Противоречив и финал романа. С одной стороны, вспыхнувшая в душе героя страсть знаменует собой возможность и даже начало его духовно-нравственного обновления. С другой — безнадежная любовь к Татьяне приводит его на край гибели. И без того «на мертвеца похожий», Е.О. выслушивает суровую и убийственную для него отповедь Татьяны-княгини, а затем следует внезапное явление мужа-генерала, столь напоминающее явление статуи Командора в «Каменном госте».

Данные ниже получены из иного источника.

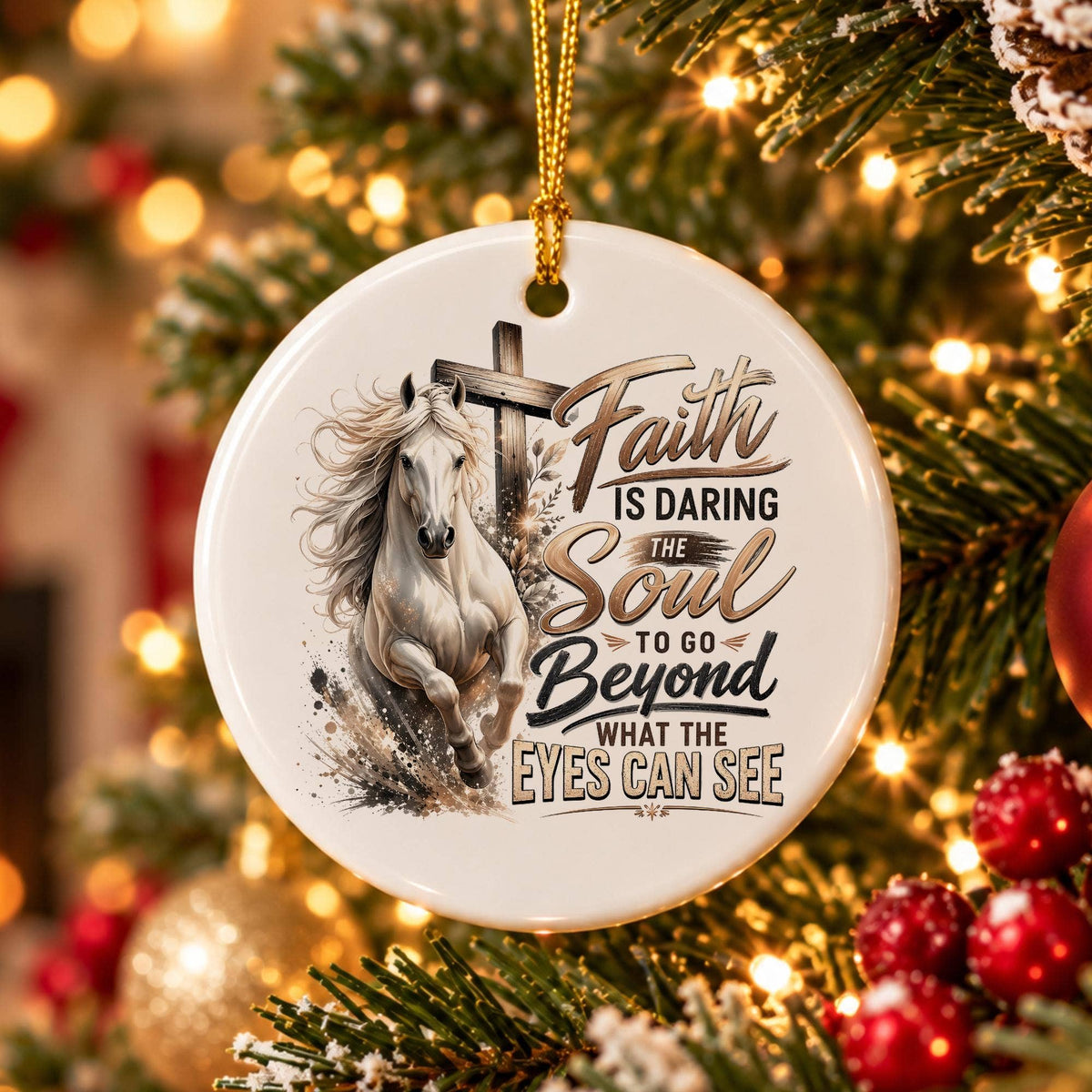 Faith Ceramic Ornament with Horse and Cross Design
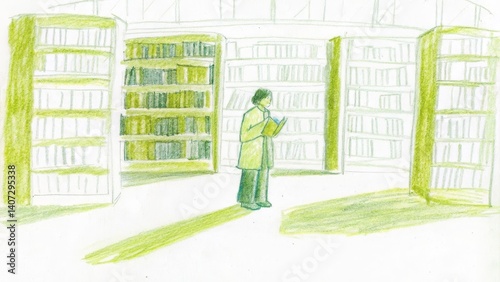 Person reading in a library with book shelves around  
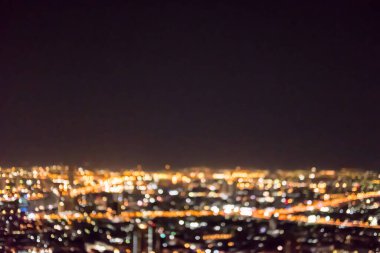 Bangkok şehir manzarasının bulanık görüntüsü, Tayland 'ın iş bölgesinde gece manzarası.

Однако Пушкину важна именно принципиальная возможность нравственного возрождения Е.О., ибо подлинным героем романа является не он, а некий «сверхгерой» — современный человек вообще. С этой точки зрения Ленский, Е.О. и герой-автор, уже изживший демонический комплекс и как бы синтезирующий черты Е.О. и Ленского, представляют собой разные грани этого единого сверхгероя, закономерные этапы его эволюции.
Художественное исследование противоречивого сознания современного человека, его напряженно-конфликтных отношений с обществом и процесса его духовных исканий, впервые предпринятое Пушкиным в «Евгении Онегине», во многом определило магистральную линию развития русской литературы XIX в. и породило целую галерею персонажей, генетически восходящих к Е.О., — от лермонтовского Печорина до героев Ф.М. Достоевского и Л.Н. Толстого.
Лит:
Белинский В.Г. Сочинения Александра Пушкина. Статья восьмая // Белинский В.Г. Полн. собр. соч. М., 1955. XVII;
Писарев Д.И. Пушкин и Белинский // Писарев Д.И. Соч. М., 1956. Т.З. С.306-338;
Ключевский В.О. Евгений Онегин и его предки // Ключевский В.О. Исторические портреты. М., 1990;
Семенко И.М. Эволюция Онегина (К спорам о пушкинском романе) // Русская литература. 1960, №2;
Непомнящий В. Начало большого стихотворения // Непомнящий В. Поэзия и судьба. Над страницами духовной биографии Пушкина. М., 1987;
Лотман Ю.М. Роман А.С.Пушкина «Евгений Онегин». Комментарий. Л, 1983;
Бочаров С.Г. Французский эпиграф к «Евгению Онегину» (Онегин и Ставрогин) // Московский пушкинист. М., 1995.